Rating: Probably won’t be as bad as Apple’s previous refusal to to the Wintel line
It seems that Android smartphone manufacturers may well have outmanoeuvred Apple with its iOS based offerings in an almost unexpected area – the digitally connected home. The key to this success will be the Digital Living Network Alliance’s (DLNA) open media sharing standards. According to a report just released by IMS Research, the vast majority of DNLA enabled devices will be Android-based handsets. That’s because Apple is not expected to embrace DNLA’s open standard with the iPhones – relying instead on AirPlay. That’s Apple’s version of Wi-fi based services. “The consequence of Android smartphone manufacturers’ decision to include DLNA video servers in their handsets is very significant,” says Stephen Froehlich, a senior analyst with IMS Research.
He doesn’t hint how disastrous an omission this might prove to be. At worst it could be akin to Apple’s decision not to go down the Wintel (Windows/Intel route).
IMS says that beyond the established DLNA video markets of North America and Japan, Wi-fi enabled smartphones will rapidly become the vanguard of in-home media sharing and management.
What it will mean is that an Android smartphone will essentially become a personal ID key that unlocks a consumer’s access to his or her content library and then serves it to any DLNA video client device in the home.
The catch, of course, is that consumers have got to want to do this.

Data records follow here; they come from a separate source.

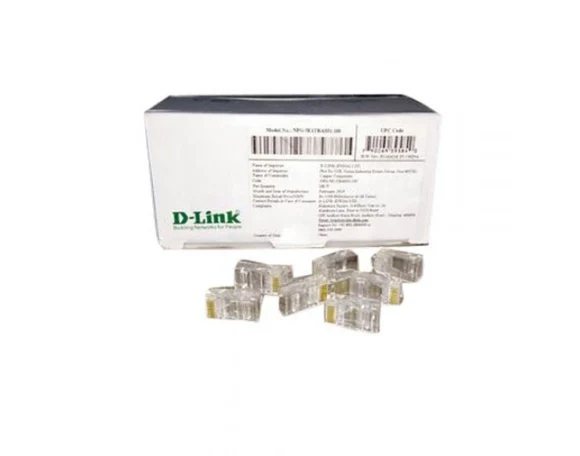 d link cat 5 rj 45 cable connector pack of 100 pieces d link cat 5 rj 45 cable connector pack of 100 pieces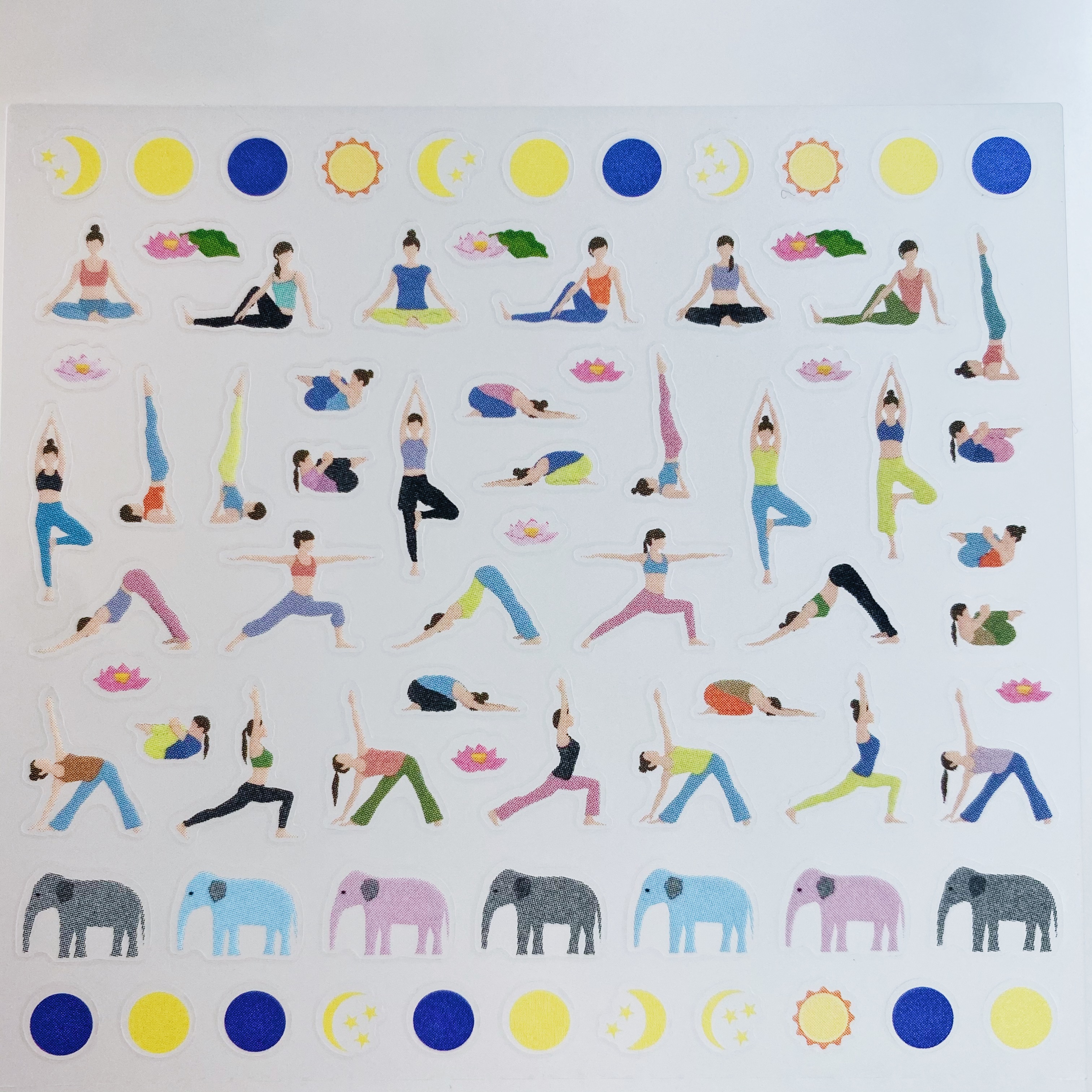 MIDORI 瑜珈款 手帳專用貼紙 透明小貼紙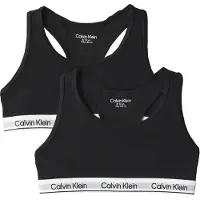 Calvin Klein 2 Pack Girls Bralettes Icon Cotton Stretch
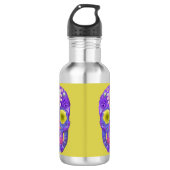Blume Schädel 5 Edelstahlflasche (Vorderseite)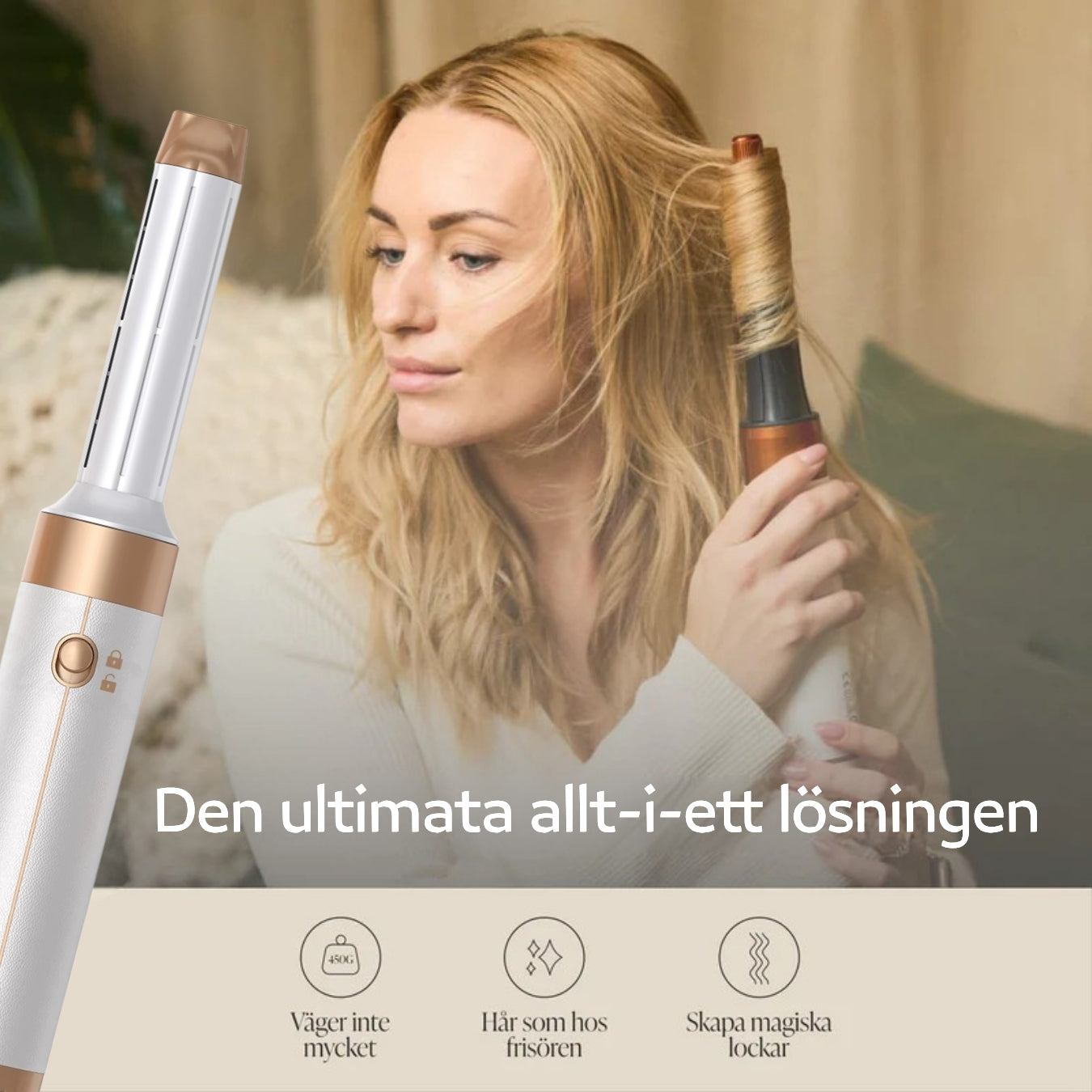 Seliné™ | 7-i-1 Ultra Airstyler för Salongsklass Hemma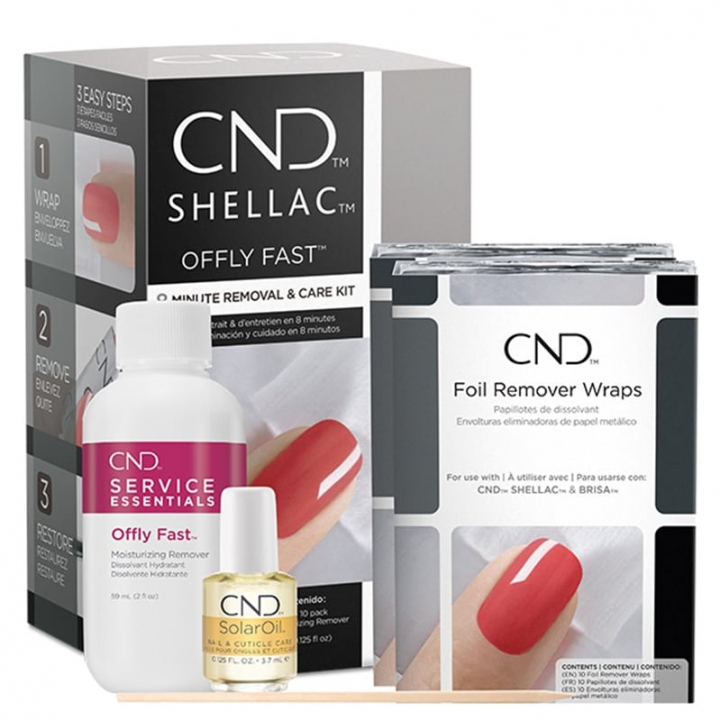CND Offly Fast 8 Minute Removal & Care Kit in the group CND / Accessories at Nails, Body & Beauty (4376)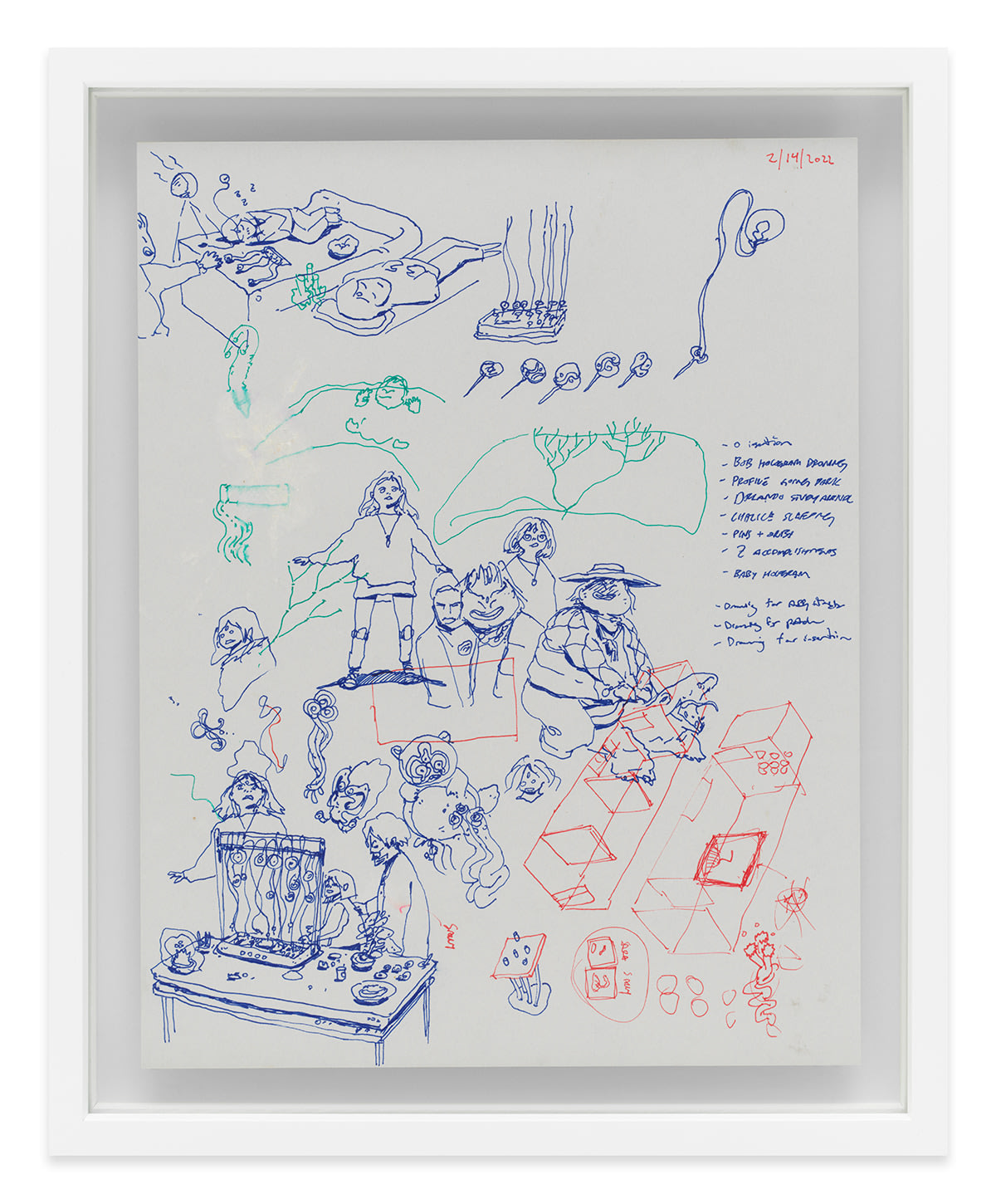 Ian Cheng, Life After BOB Production Drawings, 2022
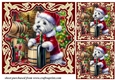 3 Christmas wine cellar pup card front/toppers 2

And there’s the rub- it is exactly the decision by Android smartphone manufacturers to push out DLNA video servers inside their phones that is likely to create awareness of these functions.
“We expect to see a new culture of video portability emerge from that awareness,” Froehlich concludes.
He expects this to lead to aggressive cord-cutting (ie connecting stuff up wirelessly) in regions outside North America and Japan,”
Indeed, IMS Research’s ‘Video Content Distribution in the Smart Home’ report forecasts that 70 per cent of DLNA devices shipped outside of North America and Japan in 2015 will be Wi-fi-enabled smartphones.
The best bit, apparently, is that it doesn’t cost that much to built a DNLA compliant capability inside an Android handset.
GoMo News has already spotted a number of Motorola manufactured Android handset s that support DNLA. With any luck we’ll get to test it.